• [What needs to be done]: Below are entries; repeat exactly, and nothing else, the lines from the one holding "I'm just going" through the one holding "Looking for the", inclusive. Leave the pictures out.

──────── Data provided ────────

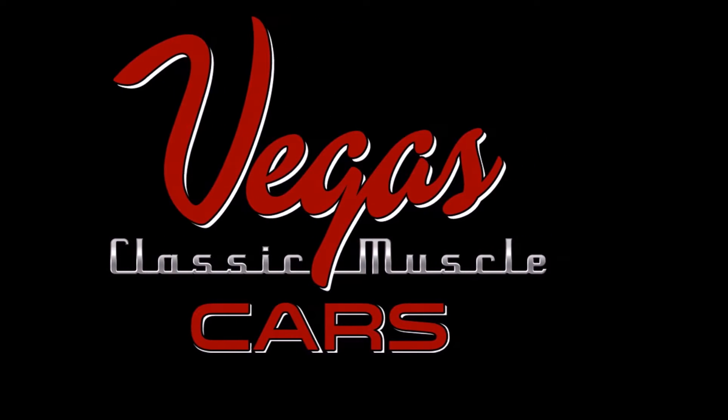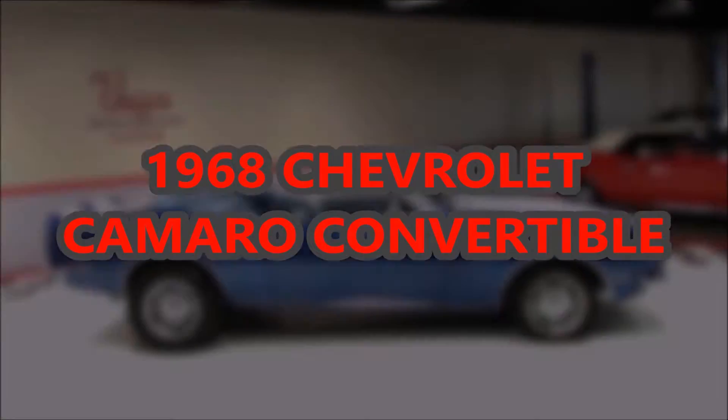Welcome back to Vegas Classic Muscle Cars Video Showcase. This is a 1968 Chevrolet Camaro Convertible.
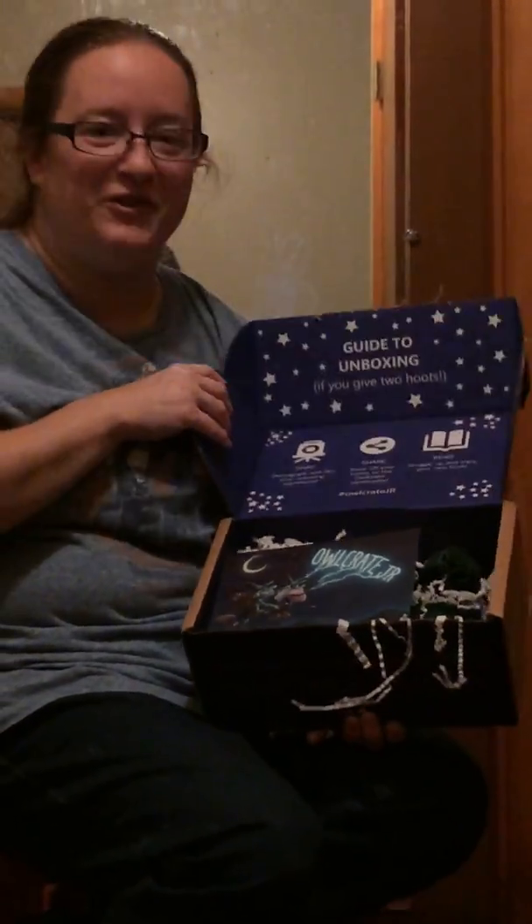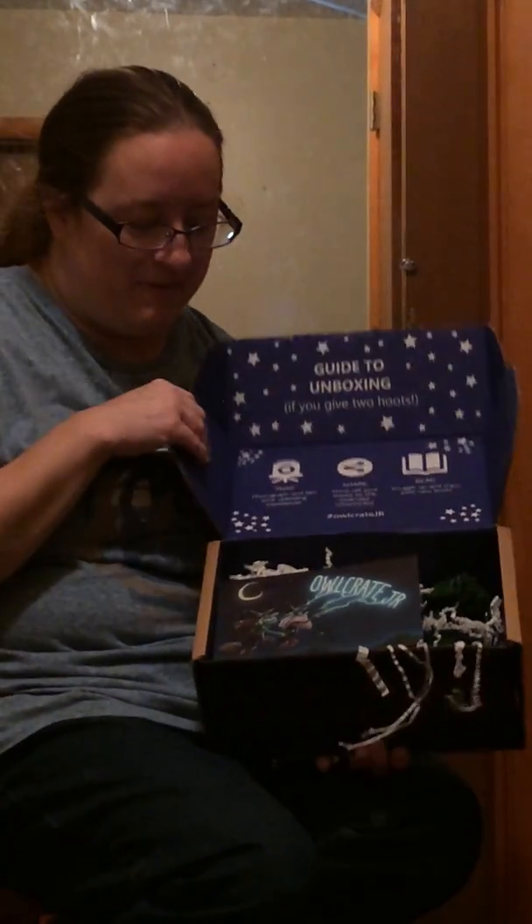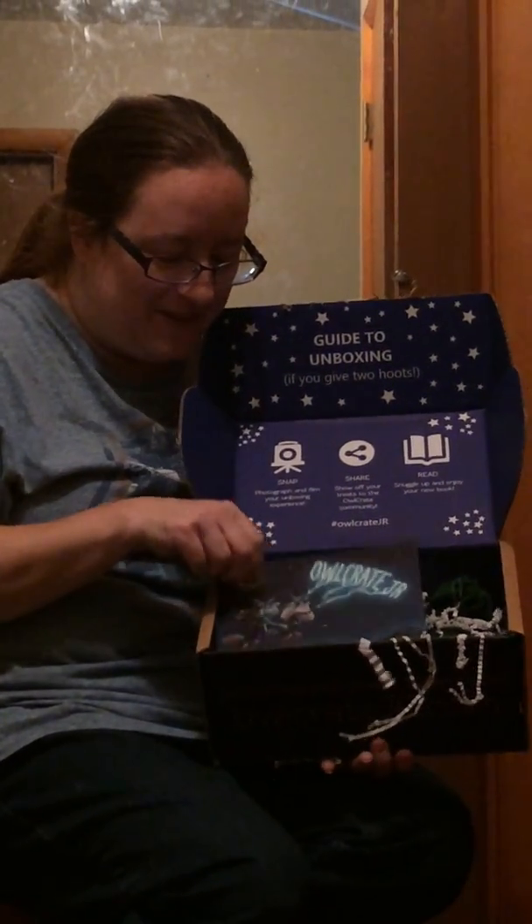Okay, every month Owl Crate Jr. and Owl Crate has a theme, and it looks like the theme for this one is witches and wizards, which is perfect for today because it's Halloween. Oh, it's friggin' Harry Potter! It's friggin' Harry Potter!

────────
──────── Data provided ────────

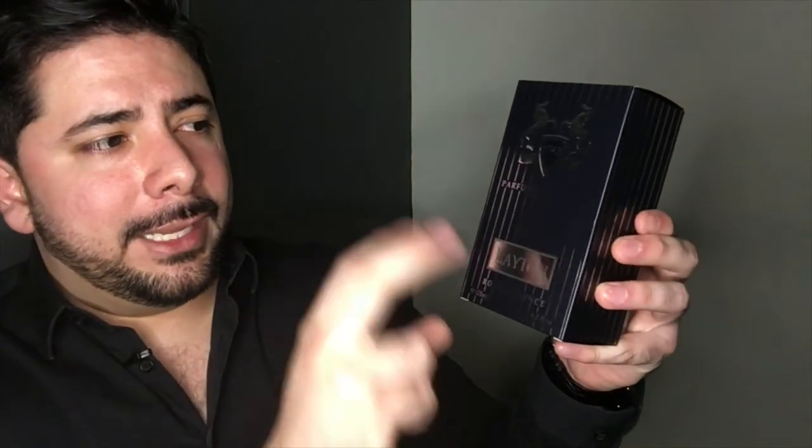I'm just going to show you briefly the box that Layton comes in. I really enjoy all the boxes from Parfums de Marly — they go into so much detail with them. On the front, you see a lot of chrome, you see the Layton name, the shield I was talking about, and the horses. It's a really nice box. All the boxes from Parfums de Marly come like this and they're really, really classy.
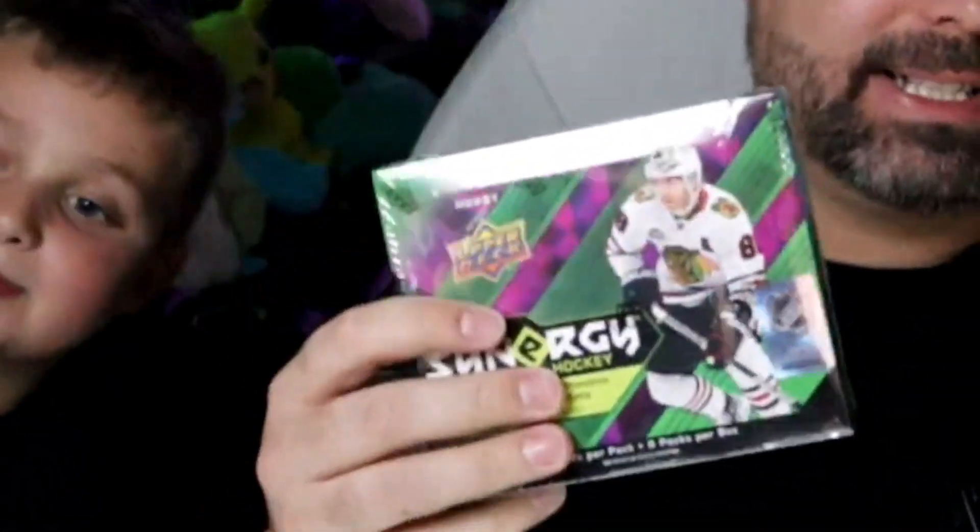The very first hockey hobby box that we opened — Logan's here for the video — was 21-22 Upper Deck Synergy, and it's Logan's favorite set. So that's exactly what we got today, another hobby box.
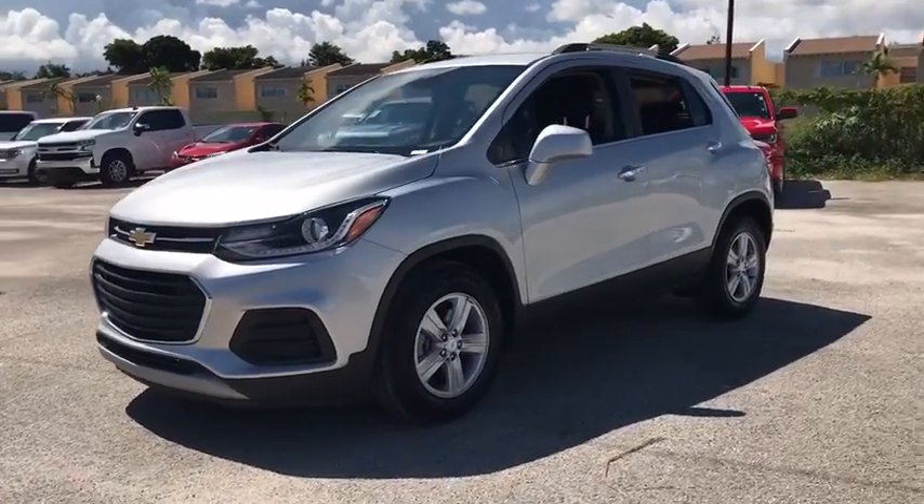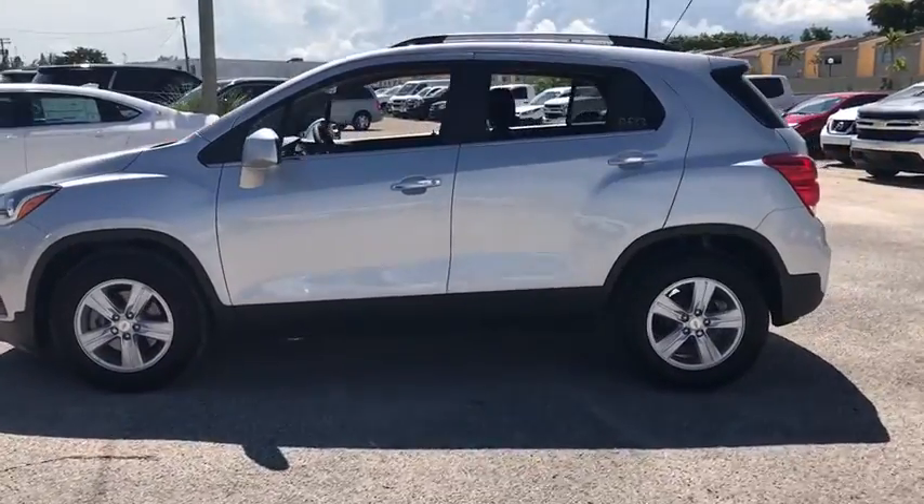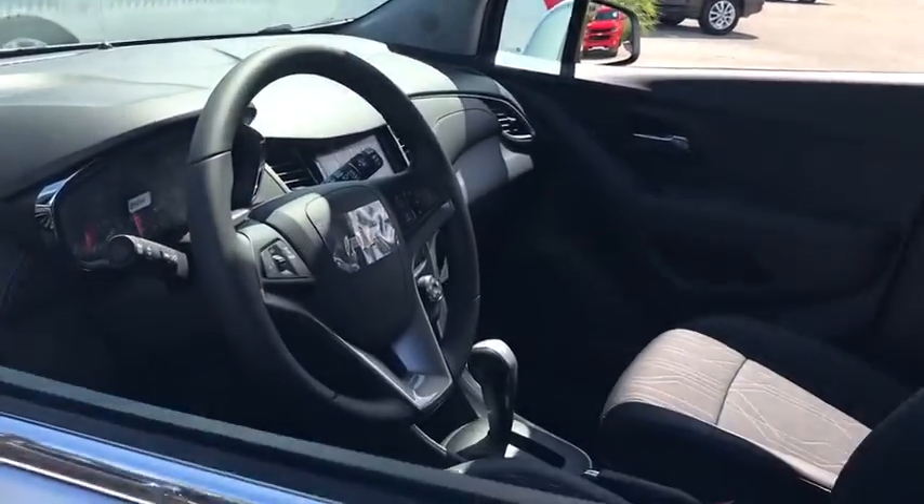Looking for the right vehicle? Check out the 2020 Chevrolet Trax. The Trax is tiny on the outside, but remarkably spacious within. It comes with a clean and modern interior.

────────

• [Completed exercise]:
I'm just going to show you briefly the box that Layton comes in. I really enjoy all the boxes from Parfums de Marly — they go into so much detail with them. On the front, you see a lot of chrome, you see the Layton name, the shield I was talking about, and the horses. It's a really nice box. All the boxes from Parfums de Marly come like this and they're really, really classy.
The very first hockey hobby box that we opened — Logan's here for the video — was 21-22 Upper Deck Synergy, and it's Logan's favorite set. So that's exactly what we got today, another hobby box.
Looking for the right vehicle? Check out the 2020 Chevrolet Trax. The Trax is tiny on the outside, but remarkably spacious within. It comes with a clean and modern interior.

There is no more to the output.